PUT /ermrest/catalog/N/history/2PV-1QEH-93Z6,2PX-WS30-E58W/acl_binding/mRID
Host: www.example.com
Content-Type: application/json

{
  "My Binding": {
    "types": ["owner"], 
    "projection": "RCB",
    "projection_type": "acl",
    "scope_acl": ["registered-users-group"]
  }
}

The effect of this operation will be to destructively overwrite the effective ACL bindings for all revisions whose lifetimes are wholly enclosed within the time span.

Amend Historical Annotations

A collection of annotation resources can be mutated over a time span:

PUT /ermrest/catalog/N/history/2PV-1QEH-93Z6,2PX-WS30-E58W/annotation
Host: www.example.com
Content-Type: application/json

{
  "tag:misd.isi.edu,2015:display": {"show_nulls": true},
  "tag:isrd.isi.edu,2018:indexing-preferences": {"btree": true}
}

The effect of this operation will be to destructively overwrite the effective annotations for all revisions whose lifetimes are wholly enclosed within the time span. The preceding example amends catalog-level annotations, but annotations may also be amended on individual model elements in the history:

PUT /ermrest/catalog/N/history/2PV-1QEH-93Z6,2PX-WS30-E58W/annotation/mRID
Host: www.example.com
Content-Type: application/json

{
  "tag:misd.isi.edu,2015:display": {"show_nulls": true},
  "tag:isrd.isi.edu,2018:indexing-preferences": {"btree": true}
}

Redact Historical Attributes

Specific attributes can be redacted over a time span:

DELETE /ermrest/catalog/N/history/2PV-1QEH-93Z6,2PX-WS30-E58W/attribute/cRID
Host: www.example.com

The effect of this operation is to redact (set NULL) all values of the column whose RID is CRID for all tuple revisions whose lifetimes are wholly enclosed within the time span. The enclosing table is implicit because CRID uniquely identifies one column within the whole model.
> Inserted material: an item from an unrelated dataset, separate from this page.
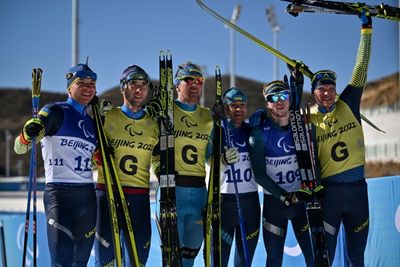 Ukrainian athletes dig deep on day one of Winter Paralympics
More selective redaction can be made by a limited filter syntax:

DELETE /ermrest/catalog/N/history/2PV-1QEH-93Z6,2PX-WS30-E58W/attribute/cRID/fRID=X
Host: www.example.com

Here, only tuples with the given filter column whose RID is fRID matches a given value X are redacted. More rich filtering syntax may be considered in future enhancements to ERMrest. This syntax is sufficient to target one row by its actual RID or all rows with a certain bad value X in the column being redacted.

Suppress Table History Collection

A special table-level annotation can be supplied during table creation or set on an existing table to suppress the collection of row content history. Set the annotation URI tag:isrd.isi.edu:2020,history-capture with one of these annotation values to control per-table history capture:

  • false: Disable history capture and make the table invisible in versioned catalog snapshots
  • true: Enable normal history capture and make the table visible in versioned catalog snapshots

In the absence of this annotation, the default behavior of ERMrest is the same as if this annotation where set with the value true. Any other value besides the JSON boolean values may produce undefined behavior and is reserved for future use.

A table which is created with history-capture disabled will avoid the storage and write operation overhead of maintaining history.

If the history-capture mechanism is disabled during the table’s lifecycle, prior history is retained but the history is not captured on subsequent writes to the live table content. Prior versions of the table are still visible in older snapshots, but the table is invisible in catalog snapshots beginning with the one where the history capture is disabled.

If the history-capture mechanism is enabled during the table’s lifecycle, the current state of the table is interred into history and collection resumes for subsequent writes to the live table content. The table remains invisible in older catalog snapshots, but new versions of the table become visible in catalog snapshots beginning with the one where history capture is enabled.